Gov. Jim Justice, left, and West Virginia Transportation Secretary Tom Smith arrive at a Hurricane rest stop to kick off the governor’s $2.8 billion road construction program.
(Photo by Rusty Marks)

Justice has proposed about $2.8 billion in road construction and maintenance projects all over the state. State officials plan to fund about $1 billion in construction through raising tolls on the West Virginia Turnpike and traditional bond sales, but the additional $1.8 billion or so in projects will require a constitutional amendment to allow the state to pursue additional bonds.

Voters go to the polls Oct. 7 to decide whether or not to sign off on the plan. The West Virginia Legislature has already voted to raise gasoline taxes and raise DMV fees to pay for the additional bonds.

State Transportation Secretary Tom Smith said it will take a while for funding from the bills passed by the Legislature to trickle in. But he said highways officials have been getting ready for months in anticipation of the legislation and bond election, and have leveraged $350 million worth of highways projects to start almost immediately.

One of the first will be rebuilding a six-mile stretch of Interstate 64 between Milton and Hurricane. Smith said the $15 million project will employ about 300 people.

“If you’ve driven (I-64) lately, it will rattle your teeth,” Smith said.
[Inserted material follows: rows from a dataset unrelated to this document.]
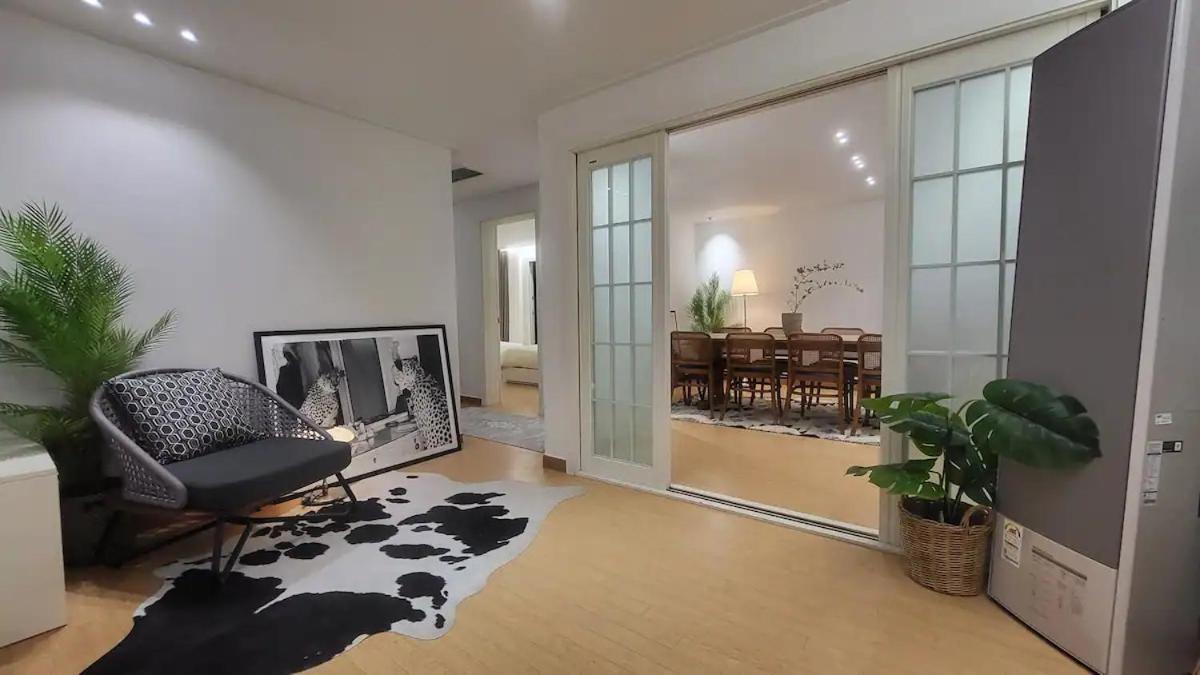 Oasis Apartment Seoul Bagian luar foto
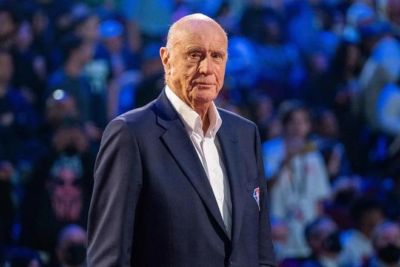 93岁名人堂巨星离世：他留下NBA史上第一个两万分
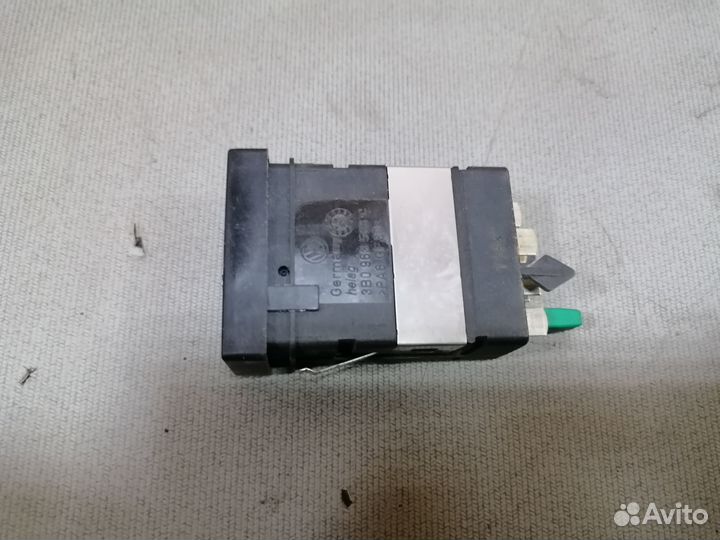 Кнопка обогрева сидений VW Passat B5 1996-2000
He said highways officials hope to let the contract for the project on Aug. 24.

He said the state plans to issue its first $230 million in GARVEE construction bonds in October, but said passage of the road bond amendment will give the state the money to pay for larger highways projects.

“This is about highways, but it’s about so much more,” Smith said. “It’s about economic recovery. It’s about hope. It’s about thousands and thousands and thousands of new jobs.”

Justice, who is billing the roads program as “Jim’s Promise,” said the road construction program will be the vehicle leading to West Virginia’s economic recovery. To bring the state back, he said, “You’ve got to do something that creates immediate jobs.”

Justice said a massive road construction program was the obvious answer to put people back to work, stimulate the economy and help fight West Virginia’s drug epidemic.

“Jobs bring us hope,” Justice said. “This is absolutely what we need.

“This is the beginning of us truly being on our way back,” the governor said. “Today is only the beginning, only a sprinkle of what’s going to grow.”

Justice was expected to give a similar presentation in Clarksburg.